Below are records; extract exactly the lines from the one containing "Skladací nôž Böker Plus Wildcat XL 01BO755" through the last, both included, and keep the pictures out.

'''

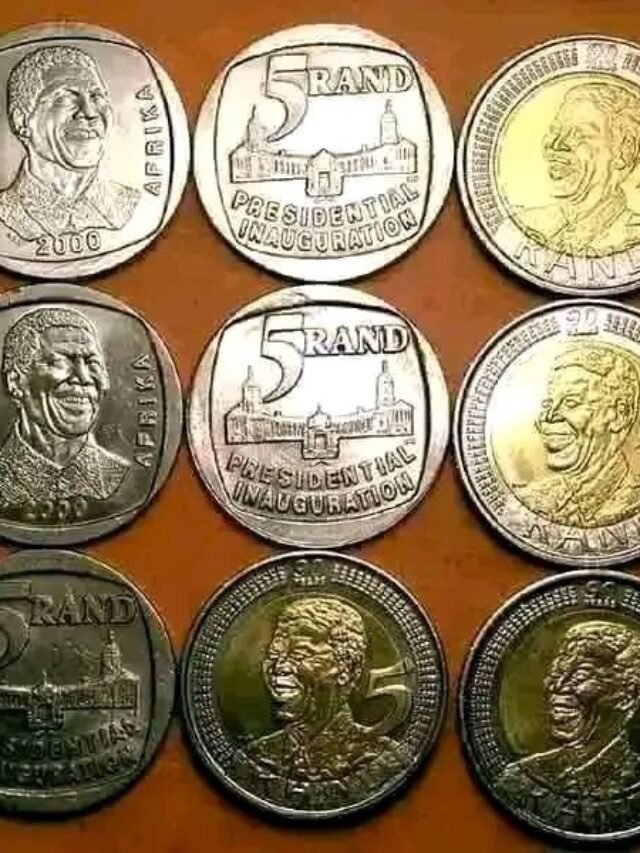 Top 14 Most Commonly Counterfeited World Coins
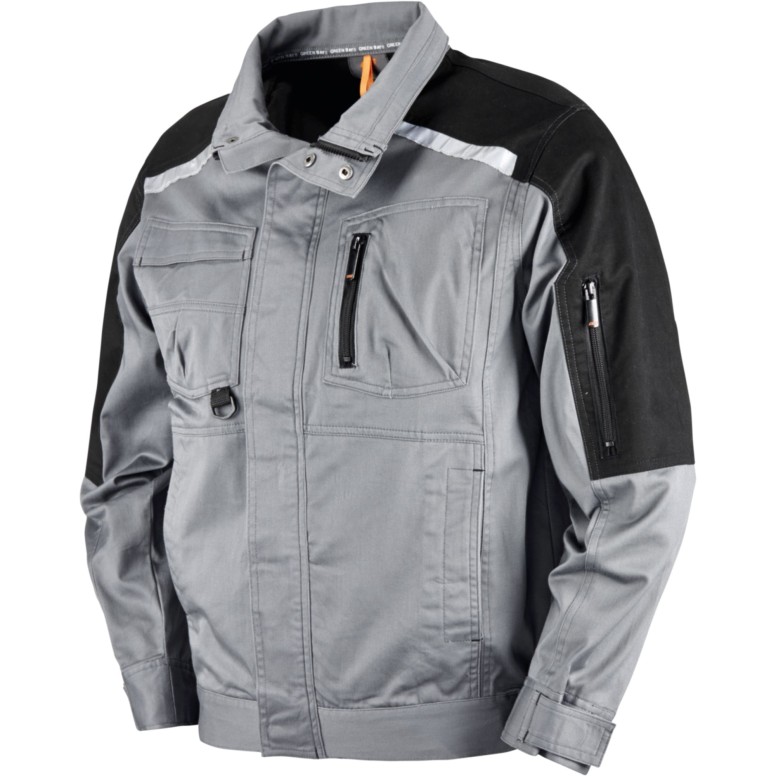 Veste de travail Neri Stretch Bicolore Evo 437430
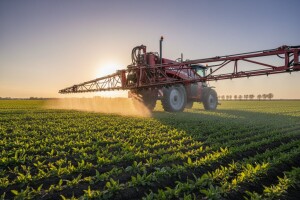 Hardi Navigator je prskalica s bezbroj mogućnosti!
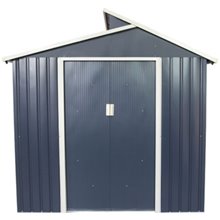 Caseta metálica 5,44m² Windsor Gardiun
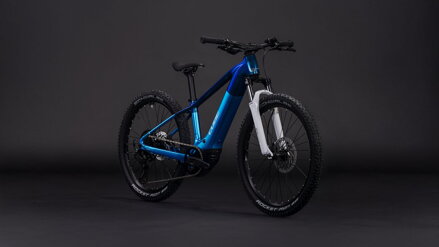 CUBE ACID 240 HYBRID ROOKIE PRO 400X ACTIONTEAM 2027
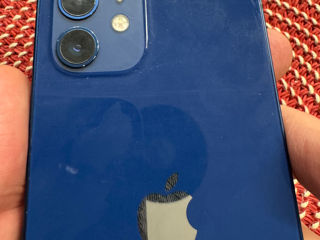 Iphone 12 128gb blue foto 5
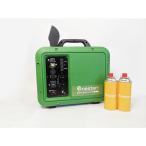 TM カセットガスインバータ発電機 (1台) 品番：GEN-1000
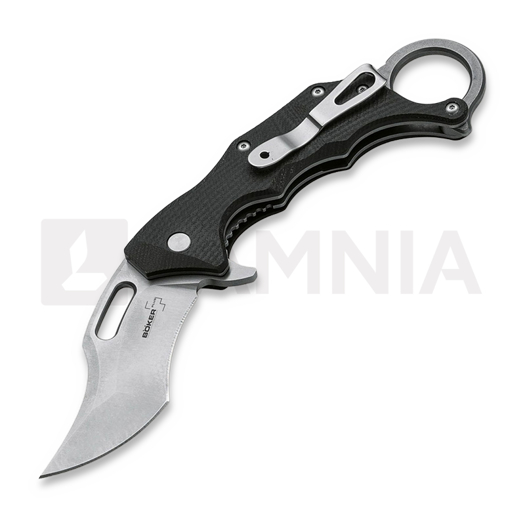 Skladací nôž Böker Plus Wildcat XL 01BO755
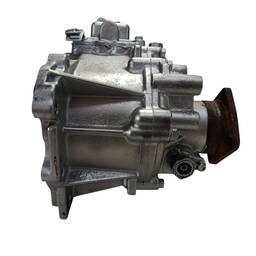 CAIXA TRAÇÃO KIA BONGO 4X4 2.5 8V 2010 ORIGINAL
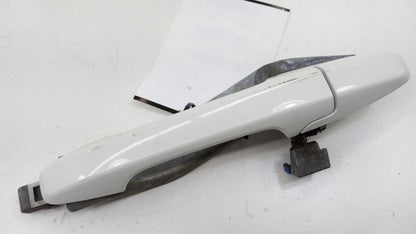 72140SNAA11YE Passenger Right Front Door Handle Exterior Assembly Fits 09-15 PILOT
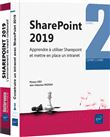 SharePoint 2019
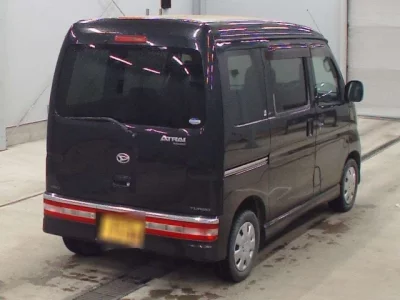 Daihatsu Atrai Wagon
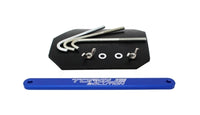 Torque Solution 02-07 Subaru WRX / 04-07 STi  Small Battery Tie Down - Blue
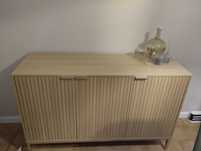 Conjunto moveis sala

'''

EXERCISE ANSWER:
 Skladací nôž Böker Plus Wildcat XL 01BO755
 CAIXA TRAÇÃO KIA BONGO 4X4 2.5 8V 2010 ORIGINAL
 72140SNAA11YE Passenger Right Front Door Handle Exterior Assembly Fits 09-15 PILOT
 SharePoint 2019
 Daihatsu Atrai Wagon
 Torque Solution 02-07 Subaru WRX / 04-07 STi  Small Battery Tie Down - Blue
 Conjunto moveis sala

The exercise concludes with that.